This research was approved by the Ethics Committee of the Faculty of Psychology and Education Sciences of the University of Porto. Participants were individually assessed in a single experimental session of approximately 60 minutes, conducted by a trained neuropsychologist. The session aimed to confirm inclusion/exclusion criteria and collect sociodemographic and neuropsychological data.
All participants provided written informed consent and sociodemographic data through a semi-structured interview. The Montreal Cognitive Assessment (MoCA; Nasreddine et al., 2005; Portuguese version by Freitas et al., 2014) was administered first as a screening tool to characterize participants’ cognitive profiles. The remaining tests were then administered in random order, namely: Hospital Anxiety and Depression Scale (HADS; Snaith and Zigmond, 1994; Portuguese version by Pais-Ribeiro et al., 2007), Trail Making Test (TMT; Armitage, 1946; Portuguese version by Cavaco et al., 2013a), INECO Frontal Screening (IFS; Torralva et al., 2009; Portuguese version by Moreira et al., 2014), Corsi Block-Tapping Task (CBTT; Wechsler, 2008), Semantic (animals) and Phonemic (P, R, M) Fluency tests (Strauss et al., 2006; Portuguese version by Cavaco et al., 2013b), and the Brief Symptom Inventory (BSI; Derogatis, 1993; Portuguese version by Canavarro, 1999). Participants across the three age groups were equally distributed in the assessment schedule.

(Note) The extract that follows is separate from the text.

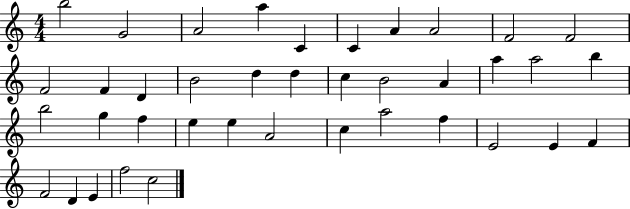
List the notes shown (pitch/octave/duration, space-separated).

B5/h G4/h A4/h A5/q C4/q C4/q A4/q A4/h F4/h F4/h F4/h F4/q D4/q B4/h D5/q D5/q C5/q B4/h A4/q A5/q A5/h B5/q B5/h G5/q F5/q E5/q E5/q A4/h C5/q A5/h F5/q E4/h E4/q F4/q F4/h D4/q E4/q F5/h C5/h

Self-report measures (HADS, BSI) were completed directly by the participants.
Instruments
A semi-structured interview was developed that included questions about age, sex, marital status, native language, professional situation, years of education, bilingualism, proficiency in another language, hearing deficits, visual deficits, motor deficits, laterality, and a history of medical, psychiatric, and neurological illnesses.

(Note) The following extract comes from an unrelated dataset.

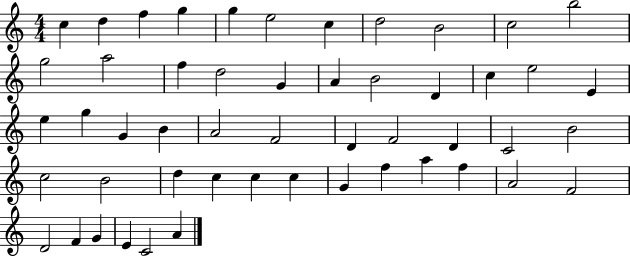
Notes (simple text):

C5/q D5/q F5/q G5/q G5/q E5/h C5/q D5/h B4/h C5/h B5/h G5/h A5/h F5/q D5/h G4/q A4/q B4/h D4/q C5/q E5/h E4/q E5/q G5/q G4/q B4/q A4/h F4/h D4/q F4/h D4/q C4/h B4/h C5/h B4/h D5/q C5/q C5/q C5/q G4/q F5/q A5/q F5/q A4/h F4/h D4/h F4/q G4/q E4/q C4/h A4/q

Hospital Anxiety and Depression Scale. HADS is a 14-item scale divided into two self-report subscales that assess symptoms of anxiety (HADS-A) and depression (HADS-D) over the past two weeks. Each subscale comprises 7 items rated on a 4-point Likert scale (0 to 3). Scores range from 0 to 21 for each subscale, with higher scores reflecting greater symptom severity. In the present study, the validated Portuguese version was used, which maintains the original structure and scoring criteria. The Portuguese version has shown adequate internal consistency, with Cronbach’s alpha coefficients of .76 for the anxiety subscale and .81 for the depression subscale (Snaith and Zigmond, 1994; Portuguese version by Pais-Ribeiro et al., 2007).

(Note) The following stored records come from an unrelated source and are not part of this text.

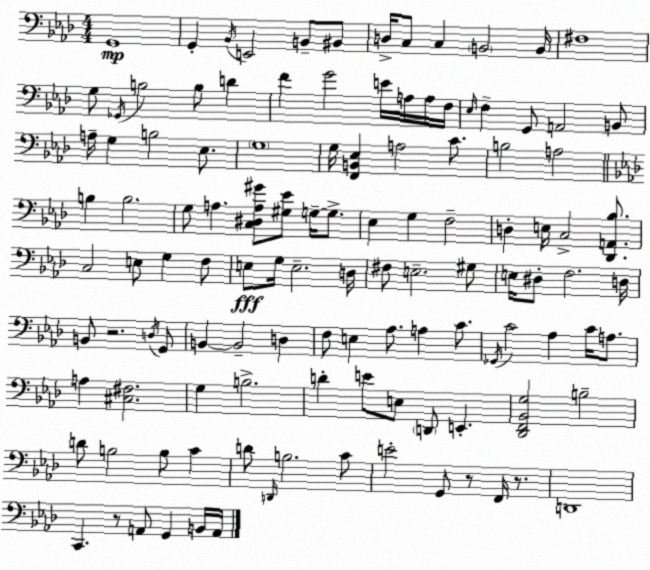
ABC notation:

X:1
T:Untitled
M:4/4
L:1/4
K:Ab
G,,4 G,, _B,,/4 E,,2 B,,/2 ^B,,/2 D,/4 C,/2 C, B,,2 B,,/4 ^F,4 G,/2 _G,,/4 B,2 B,/2 D F G2 E/4 A,/4 A,/4 F,/4 _E,/4 F, G,,/2 A,,2 B,,/2 A,/4 G, B,2 _E,/2 G,4 G,/4 [F,,B,,_E,] A,2 C/2 B,2 A,2 B, B,2 G,/2 A, [C,^D,A,^G]/2 [^G,_E]/2 G,/4 G,/2 _E, G, F,2 D, E,/4 C,2 [_D,,A,,_B,]/2 C,2 E,/2 G, F,/2 E,/2 G,/4 E,2 D,/4 ^F,/2 E,2 ^G,/2 E,/4 ^D,/2 F,2 D,/4 B,,/2 z2 D,/4 G,,/2 B,, B,,2 D, F,/2 E, _A,/2 A, C/2 _G,,/4 C2 _A, C/4 A,/2 A, [^C,^F,]2 G, B,2 D E/2 E,/2 D,,/2 E,, [_D,,F,,_B,,G,]2 B,2 D/2 B,2 B,/2 C D/2 D,,/4 B,2 C/2 E2 G,,/2 z/2 F,,/4 z/2 D,,4 C,, z/2 A,,/2 G,, B,,/4 A,,/4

Montreal Cognitive Assessment. MoCA is a brief cognitive screening tool designed to differentiate between normal cognitive aging and cognitive impairment, and is also useful for detecting mild cognitive impairment. It evaluates six domains: memory, visuospatial ability, executive function, language, orientation, attention, and working memory. Total scores range from 0 to 30, with higher scores indicating better performance. In this research, the Portuguese validated version was used, which has demonstrated high sensitivity and good internal consistency across cognitive domains, with a Cronbach’s alpha of .75 (Nasreddine et al., 2005; Portuguese version by Freitas et al., 2014).
Trail Making Test. TMT assesses attention, processing speed, and cognitive flexibility. It consists of two parts (A and B), in which participants connect sequences of stimuli as quickly as possible. Scoring is based on the completion time in seconds, with higher scores reflecting poorer performance. In addition to raw scores for Part A and Part B, a difference score (TMT-B minus TMT-A) can be calculated to evaluate divided attention without the influence of visuomotor speed. In the present study, the Portuguese version was used, which showed a Cronbach’s alpha of .89, indicating good internal consistency (Armitage, 1946; Portuguese version by Cavaco et al., 2013a). Furthermore, we used the difference score (TMT B-A) as the dependent variable, which provides a measure of divided attention and cognitive flexibility, minimizing the influence of visuomotor speed.
INECO Frontal Screening. IFS is a brief instrument for assessing executive dysfunction. It comprises eight subtests covering different executive domains, including motor programming, interference sensitivity, inhibitory control, verbal and spatial working memory, abstraction, and verbal inhibitory control. The total score ranges from 0 to 30, with higher scores indicating better performance. In this research, the validated Portuguese version was used, which reported a Cronbach’s alpha of .76, suggesting good internal consistency (Torralva et al., 2009; Portuguese version by Moreira et al., 2014).
Corsi Block-Tapping Task. CBTT is commonly used to assess visuospatial short-term and working memory, in both forward and backward versions. Maximum scores are 16 points for the forward version and 14 points for the backward version. Higher scores indicate better visuospatial memory performance (Wechsler, 2008).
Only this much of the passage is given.